Steven Soderbergh é um autêntico animal cinematográfico, em todos os sentidos. Basta pensar que, enquanto Bubble é lançado mundialmente, ele já está envolvido em três outros projetos (um já filmado, o thriller histórico baseado no livro O bom alemão; um, prestes a começar – a terceira parte da série Onze/Doze Homens e um Segredo; e Guerrilla, filmado em espanhol, com algumas imagens já feitas e a ser terminado em 2007, sobre a participação de Che Guevara na Revolução Cubana). Ah, sim: estes três filmes não fazem parte da conta dos cinco outros filmes em alta definição que ele deve fazer nos próximos quatro anos dentro do mesmo contrato que deu à luz Bubble – ufa, cansa só de escrever.

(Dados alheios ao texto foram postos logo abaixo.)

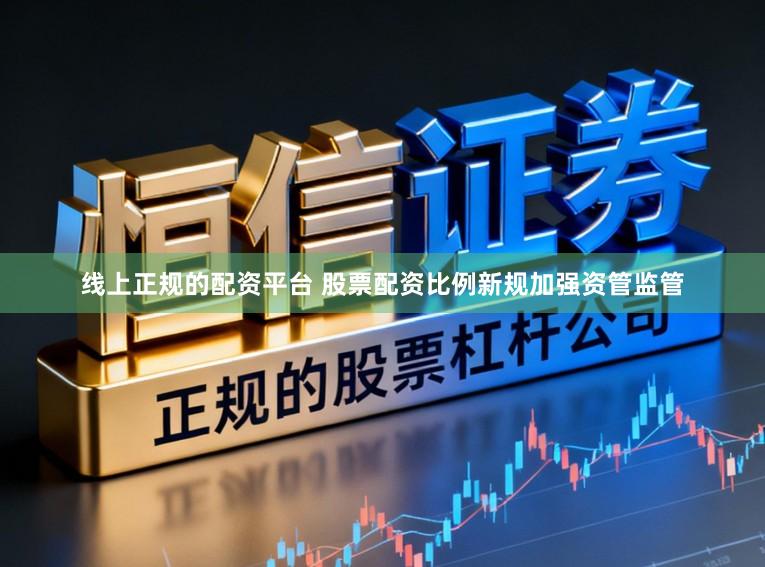 线上正规的配资平台 股票配资比例新规加强资管监管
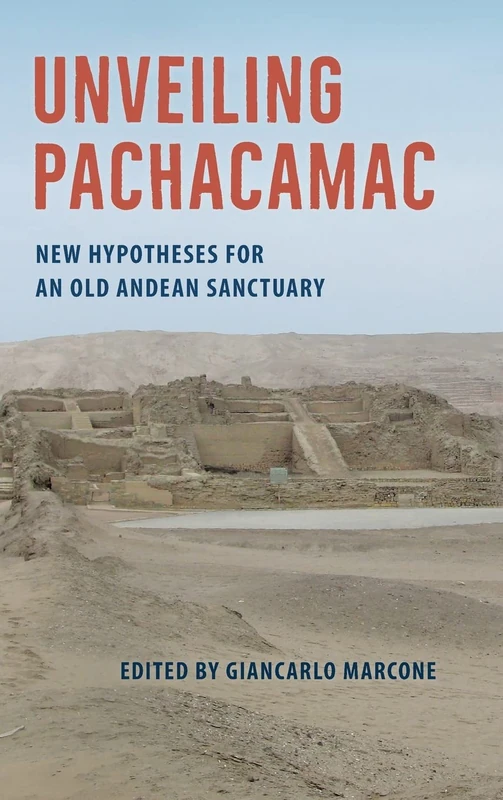 Unveiling Pachacamac: New Hypotheses for an Old Andean Sanctuary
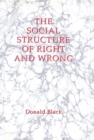 The Social Structure of Right and Wrong - eBook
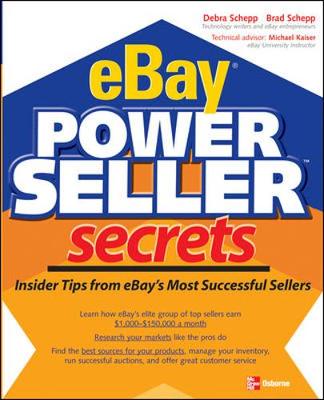 Ebay Powerseller Secrets - Schepp, Brad, and Schepp, Debra, MD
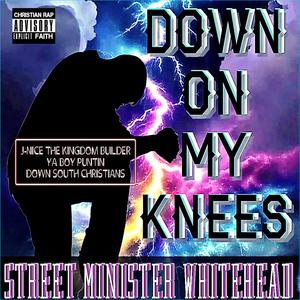 Down On My Knees (feat. J-Nice The Kingdom Builder, Ya Boy Puntin & Down South Christians)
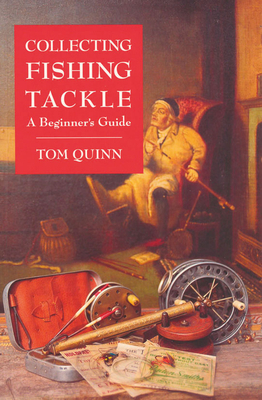 Collecting Fishing Tackle: A Beginner's Guide - Quinn, Tom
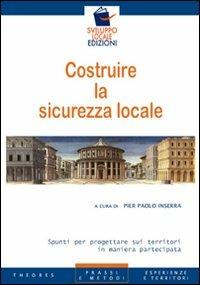 Costruire la sicurezza locale. Spunti per progettare sui territori in maniera partecipata - Pier Paolo Inserra - copertina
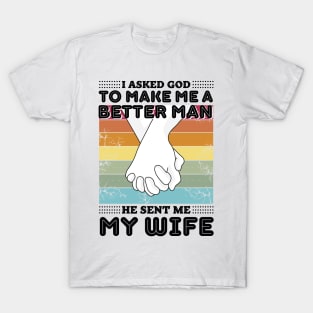 I asked god to make me a better man he sent me my wife T-Shirt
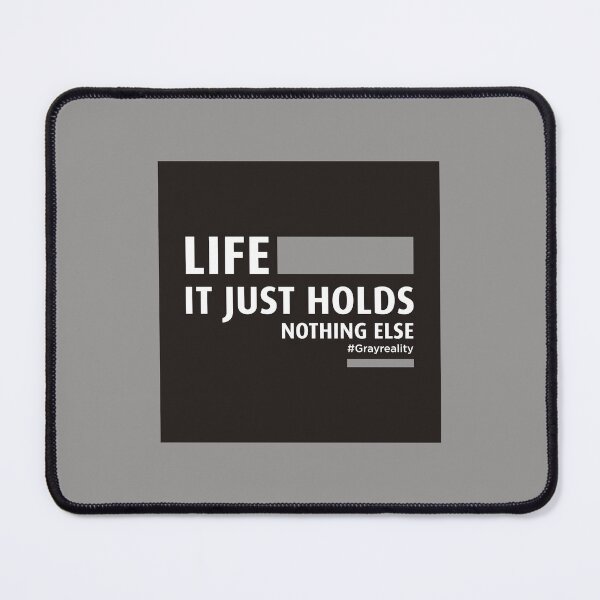 Item preview, Life. It Just Holds. Nothing Else Black on Gray designed and sold by Wiggly Lines.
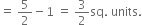 equals space 5 over 2 minus 1 space equals space 3 over 2 sq. space units.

Mas, Soderbergh é mais do que apenas um workaholic que não consegue parar de filmar: a outra característica que marca seu cinema é uma completa inquietude formal, que parece fazer com que ele sinta a necessidade de experimentar todos os cinemas no seu próprio cinema, tornando sua principal marca autoral a ausência de um estilo definido. Ou talvez fosse melhor definir diferentemente: sua marca autoral é ser um cineasta apaixonado pelo cinema e suas formas de narrar, antes de qualquer outra coisa. E um cineasta que tem a necessidade de expressas esta paixão tanto de forma prolixa quanto sem cair nunca na rotina da realização. No seu caso, as idas e vindas entre filmes de estúdio e produções independentes parecem menos fruto de uma contingência eventual de produção do que uma necessidade pessoal de manter-se em movimento, de nunca ficar parado, confortável.

Alguns mais maldosos diriam que este movimento constante indica também uma incapacidade de se concentrar – e não estariam errados. Bubble, neste sentido, é um filme essencialmente soderberghiano. Se, por um lado, sua maior força advém justamente da incrível capacidade do diretor de “falar cinema” (seus enquadramentos e trabalhos espaciais no filme, assim como o jogo de seus atores/não-atores, nunca são menos do que intrigantes), sua maior fraqueza se revela sempre que a forma parece se acomodar e sobra a Soderbergh a missão de “empurrar” para dentro dela um conteúdo. Bubble é tão mais satisfatório quanto mais instintivo parece o material que vemos. Quando Soderbergh se dispõe a buscar imagens com força simbólica-poética própria, mete os pés pelas mãos (como fica especialmente claro nas imagens “iluminadas” da personagem principal, em seus transes epifânicos).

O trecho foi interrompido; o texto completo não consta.